WHAT IS NEEDED: Give back the full set of entries that follows, exactly as written.

Saved entries:

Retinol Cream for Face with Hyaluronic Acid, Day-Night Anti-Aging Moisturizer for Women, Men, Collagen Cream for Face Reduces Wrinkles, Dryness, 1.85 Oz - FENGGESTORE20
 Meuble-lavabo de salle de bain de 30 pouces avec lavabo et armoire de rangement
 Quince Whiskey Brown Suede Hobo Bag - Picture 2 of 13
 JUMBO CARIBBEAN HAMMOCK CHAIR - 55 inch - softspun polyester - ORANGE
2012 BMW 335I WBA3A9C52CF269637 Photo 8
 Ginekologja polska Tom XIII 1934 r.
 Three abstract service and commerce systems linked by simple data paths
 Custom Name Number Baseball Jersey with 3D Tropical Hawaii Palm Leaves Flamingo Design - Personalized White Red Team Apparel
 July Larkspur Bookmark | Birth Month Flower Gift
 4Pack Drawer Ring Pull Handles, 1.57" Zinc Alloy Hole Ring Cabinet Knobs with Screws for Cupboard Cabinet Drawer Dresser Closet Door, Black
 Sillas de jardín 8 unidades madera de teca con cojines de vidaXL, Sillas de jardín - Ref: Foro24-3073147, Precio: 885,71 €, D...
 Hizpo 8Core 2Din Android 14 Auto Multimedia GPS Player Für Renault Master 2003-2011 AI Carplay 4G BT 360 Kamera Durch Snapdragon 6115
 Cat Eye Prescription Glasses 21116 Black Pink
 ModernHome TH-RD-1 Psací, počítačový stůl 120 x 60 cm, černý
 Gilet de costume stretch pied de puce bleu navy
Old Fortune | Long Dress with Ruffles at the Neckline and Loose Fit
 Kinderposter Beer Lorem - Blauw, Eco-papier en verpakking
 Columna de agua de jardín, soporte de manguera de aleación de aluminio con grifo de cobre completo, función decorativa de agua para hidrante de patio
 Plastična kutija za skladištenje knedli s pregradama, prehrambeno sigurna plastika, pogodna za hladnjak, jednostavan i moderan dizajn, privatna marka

WRITTEN RESPONSE:
Retinol Cream for Face with Hyaluronic Acid, Day-Night Anti-Aging Moisturizer for Women, Men, Collagen Cream for Face Reduces Wrinkles, Dryness, 1.85 Oz - FENGGESTORE20
 Meuble-lavabo de salle de bain de 30 pouces avec lavabo et armoire de rangement
 Quince Whiskey Brown Suede Hobo Bag - Picture 2 of 13
 JUMBO CARIBBEAN HAMMOCK CHAIR - 55 inch - softspun polyester - ORANGE
2012 BMW 335I WBA3A9C52CF269637 Photo 8
 Ginekologja polska Tom XIII 1934 r.
 Three abstract service and commerce systems linked by simple data paths
 Custom Name Number Baseball Jersey with 3D Tropical Hawaii Palm Leaves Flamingo Design - Personalized White Red Team Apparel
 July Larkspur Bookmark | Birth Month Flower Gift
 4Pack Drawer Ring Pull Handles, 1.57" Zinc Alloy Hole Ring Cabinet Knobs with Screws for Cupboard Cabinet Drawer Dresser Closet Door, Black
 Sillas de jardín 8 unidades madera de teca con cojines de vidaXL, Sillas de jardín - Ref: Foro24-3073147, Precio: 885,71 €, D...
 Hizpo 8Core 2Din Android 14 Auto Multimedia GPS Player Für Renault Master 2003-2011 AI Carplay 4G BT 360 Kamera Durch Snapdragon 6115
 Cat Eye Prescription Glasses 21116 Black Pink
 ModernHome TH-RD-1 Psací, počítačový stůl 120 x 60 cm, černý
 Gilet de costume stretch pied de puce bleu navy
Old Fortune | Long Dress with Ruffles at the Neckline and Loose Fit
 Kinderposter Beer Lorem - Blauw, Eco-papier en verpakking
 Columna de agua de jardín, soporte de manguera de aleación de aluminio con grifo de cobre completo, función decorativa de agua para hidrante de patio
 Plastična kutija za skladištenje knedli s pregradama, prehrambeno sigurna plastika, pogodna za hladnjak, jednostavan i moderan dizajn, privatna marka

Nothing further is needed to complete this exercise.